These are notes, thoughts and observations from reading, “Mass Collaboration Systems on the World Wide Web” by AhHai Doan, Raghu Ramakrishnan, and Alon Y. Halevy.
First attempt to define MC:
A Mass Collaboration System enlists a mass of users to explicitly collaborate to build a long-lasting artifact that is beneficial to the whole community.
This definition does not allow for ‘implicit’ collaborations that arise as secondary benefits to the primary purpose. Also, Mechanical Turk enlists people to carry out short-sighted tasks that are not long-lasting nor part of an overall artifact (as far as they can tell).
Next attempt to define MC as a general problem-solving method:
An MC System enlists a mass of humans to help solve a problem defined by the system owners and in so doing addresses four fundamental challenges:
(1) How to recruit and retain users?
(2) What contributions can users make?
(3) How to combine user contributions to solve the target problem?
(4) How to evaluate users and their contributions?
Traffic lights coordinate the behaviors of a mass of human drivers but are not looking to enlist more drivers but to reduce and/or coordinate them, thus such a system is referred to as a Mass Management system, instead.
This paper used a survey to explore MC Systems that addressed these four fundamental questions as applied to the Web.

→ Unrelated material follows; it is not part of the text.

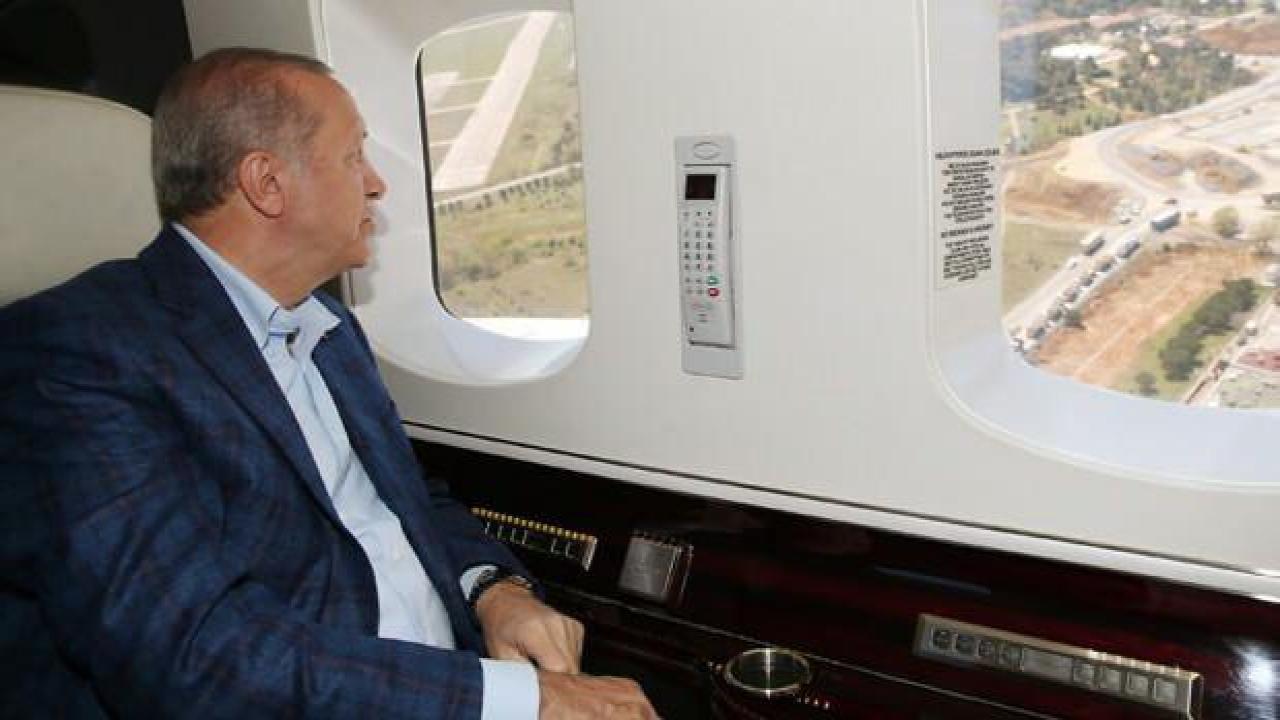 Cumhurbaşkanı Erdoğan, savaş uçakları nezaretinde Gaziantep'e geldi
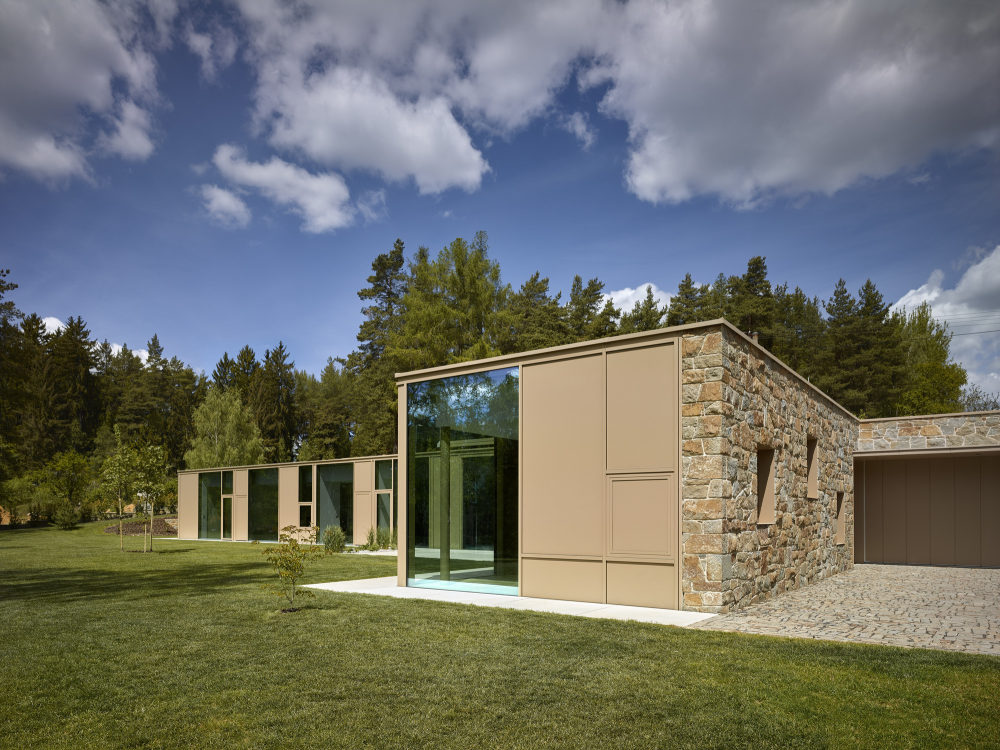 捷克森林中的悬浮别墅-28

It classifies the nature of collaboration, type of target problem, and other dimensions.
Degree of manual effort. How much is asked of participants and of owners? Ratings vs Coding, for example. Do owners have to analyze aggregate data from users or the other way around?
Role of human users.
- Slaves - solve problem with divide-and-conquer approach while minimizing resources (Mechanical Turk).

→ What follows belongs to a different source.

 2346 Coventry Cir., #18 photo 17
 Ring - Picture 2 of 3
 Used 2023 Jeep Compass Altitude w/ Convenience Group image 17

- Perspective Providers - humans contribute different perspectives when combine into better solutions, such as writing reviews or aggregating bets to make predictions.
- Content Providers - humans are components in the target artifact as creators or community, so that the owner can monetize them (e.g. ads).
Humans can play multiple roles within a single MC system. Knowing these roles can determine how to recruit. For example, in a perspective providers system, you’d want cognitive diversity to avoid groupthink.
- Evaluating - users evaluate items with textual comments and numeric scores (GoodReads)
- Sharing - users share items such as products, services, textual knowledge and structured knowledge (YouTube)
- Networking - users construct a social network graph that the owner can exploit to provide services and users typically cannot edit one another’s content (Facebook)
- Building Artifacts - user inputs are merged tightly by requiring them to edit and merge one another’s inputs (Wikipedia)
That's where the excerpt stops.